Sirius cuts losses with sub gains
Karmazin shows merger confidence; shares inch upSirius Satellite Radio signed up more customers and lost less money in its second quarter than Wall Street expected, sending shares up 1.4% on Tuesday to $3.01.
The firm, which is trying to merge with its primary competitor, XM Satellite Radio, lost $134.1 million, down from a $237.8 million loss in the same quarter a year ago. On a per-share basis, Sirius lost 9 cents, while analysts predicted 10 cents.
The company added 561,493 subscribers in the quarter, bringing its total to more than 7.1 million. Rival XM had 8.25 million subscribers at last count.
The only metric where Sirius fell short was revenue, which came in at $226.4 million, up from last year's $150.1 million but nearly $2 million shy of Wall Street expectations.
Wedbush Morgan Securities analyst William Kidd said subscriber additions exceeded his forecast by 100,000. He expressed caution, though, that average subscriber-acquisition costs crept up from last quarter's $104 to $108, even though it is a vast improvement compared with last year's $131.
Kidd reiterated his "buy" recommendation and $4 price target.
CEO Mel Karmazin, as he has been doing most of the year, expressed confidence in gaining FCC and Department of Justice approval for the Sirius-XM merger.
His offensive on that front included a July proclamation that a combined XM-Sirius would be in a good position to offer a la carte pricing that could save consumers money.

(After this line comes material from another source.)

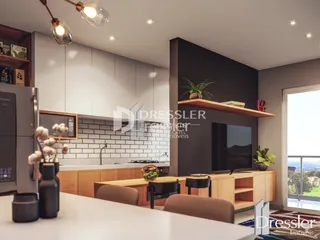 Ambiente moderno de sala de estar e cozinha em um imóvel.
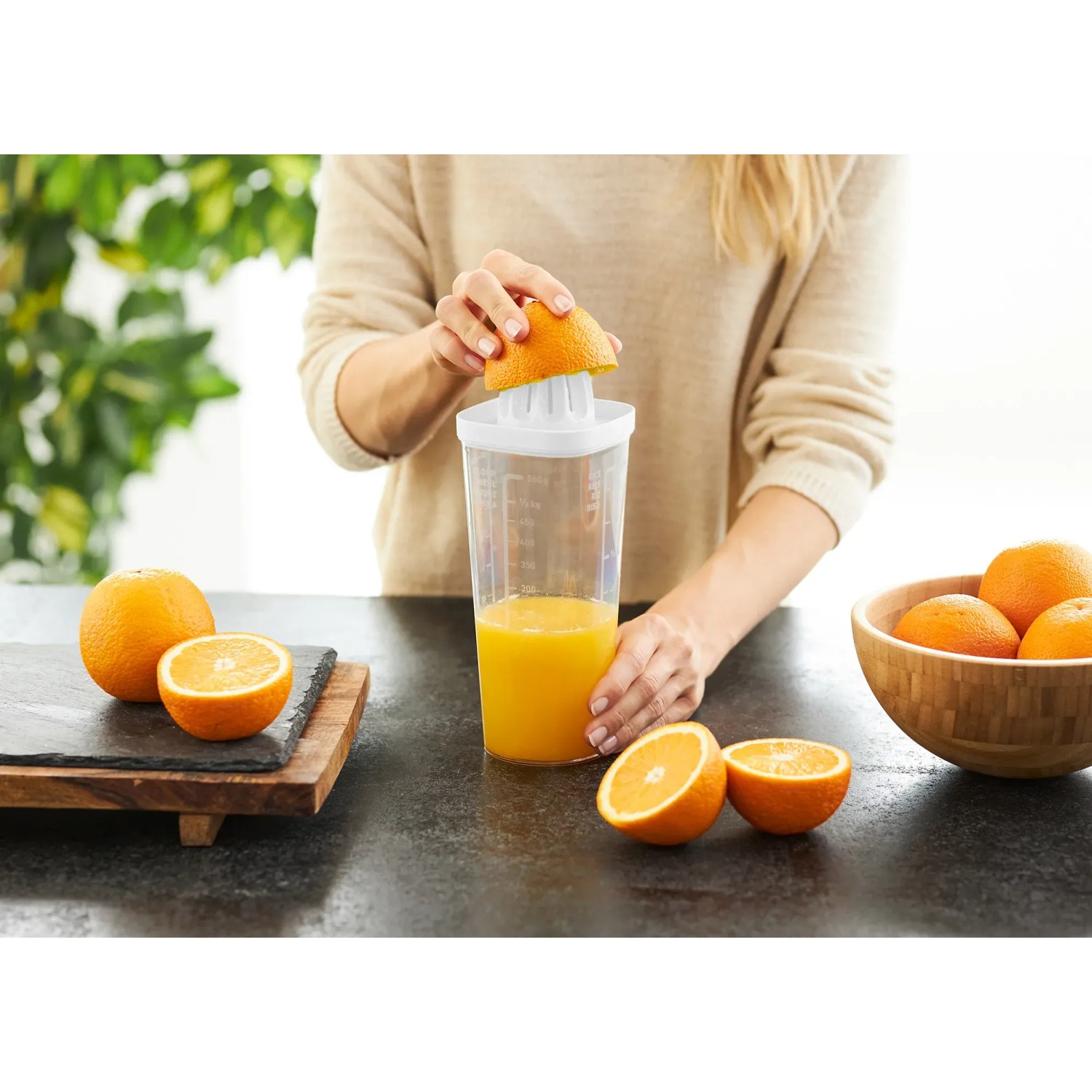 Rotho Küchenhelfer Loft: Frau presst Orange mit dem 5-in-1 Küchengerät, weiß-transparent.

"Momentum for the pending merger with XM continues to build," Karmazin said Tuesday. "Support from our customers, suppliers and other groups representing a diverse cross section of Americans clearly demonstrates the public-interest benefits and enhanced competition that will come from the merger."
Wall Street, however, remains skeptical, as prominent lawmakers already have expressed concerns over allowing the only two satellite radio operators in the country to merge.
Kidd said Tuesday that he sees a less than 50% chance of the merger happening and speculated it "will likely be denied within 12 months."
Likewise, Banc of America analyst Jonathan Jacoby said Sirius shares are priced to imply a 45%-50% chance of a merger approval.
While he said Tuesday that subscriber additions "easily topped our estimates" and he upped his year-end forecast to 8.4 million subs from 8 million previously, he also reiterated his "neutral" rating and $2.75 price target on the stock.